Department of Pathogen Biology and Department of Laboratory Medicine, Wuhan No.1 Hospital, Tongji Medical College, Huazhong University of Science and Technology, Wuhan, China.
Department of Pathogen Biology, Tongji Medical College, Huazhong University of Science and Technology, Wuhan, China.
Clin Exp Rheumatol. 2021 Mar-Apr;39 Suppl 129(2):13-20. doi: 10.55563/clinexprheumatol/6y0bjb. Epub 2021 Mar 9.

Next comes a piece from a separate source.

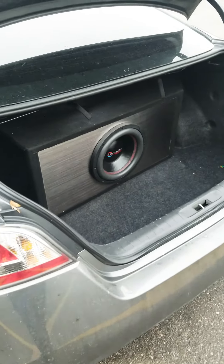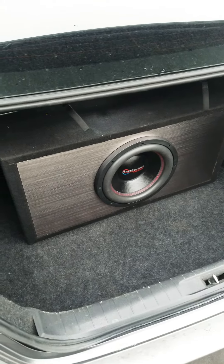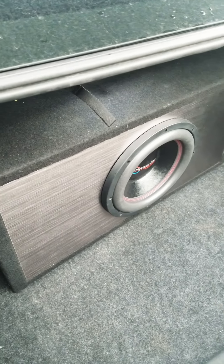This is a video of my American Bass XFL 12-inch subwoofer tuned to 32 Hertz, in a chrome-plated ported subwoofer box also tuned to 32 Hertz.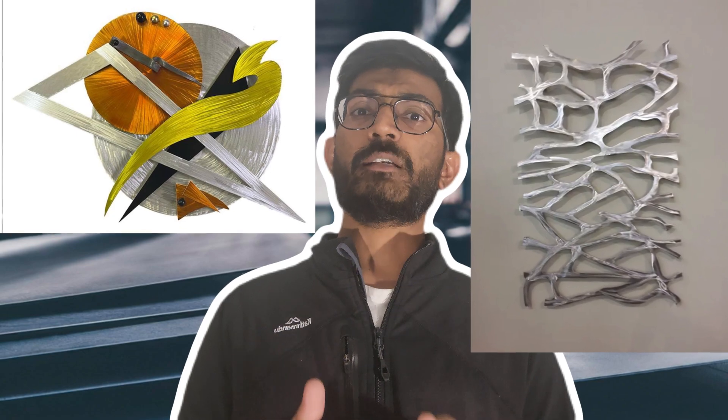One of the other properties to consider is aesthetics — how it is going to look. Is it going to be a really beautiful or architectural piece? If it is, then you can consider aluminum, stainless steel, or copper as preferred materials.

T cell immunoglobulin and mucin domain 3 (TIM-3) has been reported as an important regulatory molecule on T cells and plays a pivotal role in autoimmune diseases, but the impact on dendritic cells (DCs) is poorly explored. The formation of neutrophil extracellular traps (NETs) is considered as strongly implicated in the pathogenesis of autoimmune diseases, such as in myeloperoxidase-antineutrophil cytoplasmic autoantibody associated vasculitis (MPO-AAV). This study thus aimed to investigate the potential regulation roles of TIM-3 in the regulation of NETs-mediated DC activation in MPO-AAV.
Twenty untreated patients with MPO-AAV and 20 healthy controls were enrolled in this study. The expressions of TIM-3 and toll-like receptor 4 (TLR4) in peripheral blood dendritic cells were analysed by flow cytometry, and the release of NETs by neutrophils was evaluated by immunofluorescence. In animal experiments, we measured the DC activation markers after the stimulation of NETs. Furthermore, we detected the NETs-mediated DC activation after TIM-3 blockade.
Here we found an increased spontaneous NET production in MPOAAV patients. We also revealed a markedly reduced expression of TIM-3 and an increased expression of TLR4 on DCs of active MPO-AAV patients. We found the NETs could induce the activation of DCs and promote Toll-like receptor 4 expression on DC surface. More interestingly, the blockade of TIM-3 could further enhance the NETs-mediated DC cytokine expression.
Our results demonstrated DC surface TIM-3 plays an important role in maintaining the NETs mediated immune homeostasis in MPO-AAV, suggesting an important role in MPOAAV development.
T 细胞免疫球蛋白和粘蛋白结构域 3(TIM-3)已被报道为 T 细胞上的重要调节分子,在自身免疫性疾病中发挥关键作用,但对树突状细胞(DC)的影响尚未得到充分探索。中性粒细胞胞外诱捕网(NETs)的形成被认为与自身免疫性疾病的发病机制密切相关,如髓过氧化物酶-抗中性粒细胞胞质抗体相关性血管炎(MPO-AAV)。因此,本研究旨在探讨 TIM-3 在调节 MPO-AAV 中 NETs 介导的 DC 激活中的潜在调节作用。
本研究纳入了 20 例未经治疗的 MPO-AAV 患者和 20 名健康对照者。通过流式细胞术分析外周血树突状细胞中 TIM-3 和 Toll 样受体 4(TLR4)的表达,通过免疫荧光法评估中性粒细胞释放 NETs 的情况。在动物实验中,我们在 NETs 刺激后测量了 DC 激活标志物。此外,我们还检测了 TIM-3 阻断后 NETs 介导的 DC 激活。
我们发现 MPOAAV 患者中自发性 NETs 产生增加。我们还发现,活性 MPO-AAV 患者的 DC 上 TIM-3 表达明显降低,TLR4 表达增加。我们发现 NETs 可诱导 DC 激活,并促进 DC 表面 Toll 样受体 4 的表达。更有趣的是,TIM-3 阻断可进一步增强 NETs 介导的 DC 细胞因子表达。
我们的研究结果表明,DC 表面 TIM-3 在维持 MPO-AAV 中 NETs 介导的免疫平衡中发挥重要作用,提示其在 MPOAAV 发病机制中具有重要作用。